◆ Activity
Reproduce all entries verbatim, with nothing added or dropped.

++++ Records to process ++++

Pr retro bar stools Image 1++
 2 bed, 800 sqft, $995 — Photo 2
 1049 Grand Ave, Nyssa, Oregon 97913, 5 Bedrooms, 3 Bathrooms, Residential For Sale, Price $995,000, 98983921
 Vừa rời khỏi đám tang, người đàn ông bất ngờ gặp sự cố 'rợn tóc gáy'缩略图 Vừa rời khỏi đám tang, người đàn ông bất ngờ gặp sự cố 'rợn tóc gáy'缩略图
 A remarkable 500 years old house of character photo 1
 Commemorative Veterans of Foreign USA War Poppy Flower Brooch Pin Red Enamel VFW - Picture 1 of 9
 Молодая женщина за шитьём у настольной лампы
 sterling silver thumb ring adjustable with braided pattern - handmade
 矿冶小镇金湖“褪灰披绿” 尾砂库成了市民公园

++++

◆ Task answer
Pr retro bar stools Image 1++
 2 bed, 800 sqft, $995 — Photo 2
 1049 Grand Ave, Nyssa, Oregon 97913, 5 Bedrooms, 3 Bathrooms, Residential For Sale, Price $995,000, 98983921
 Vừa rời khỏi đám tang, người đàn ông bất ngờ gặp sự cố 'rợn tóc gáy'缩略图 Vừa rời khỏi đám tang, người đàn ông bất ngờ gặp sự cố 'rợn tóc gáy'缩略图
 A remarkable 500 years old house of character photo 1
 Commemorative Veterans of Foreign USA War Poppy Flower Brooch Pin Red Enamel VFW - Picture 1 of 9
 Молодая женщина за шитьём у настольной лампы
 sterling silver thumb ring adjustable with braided pattern - handmade
 矿冶小镇金湖“褪灰披绿” 尾砂库成了市民公园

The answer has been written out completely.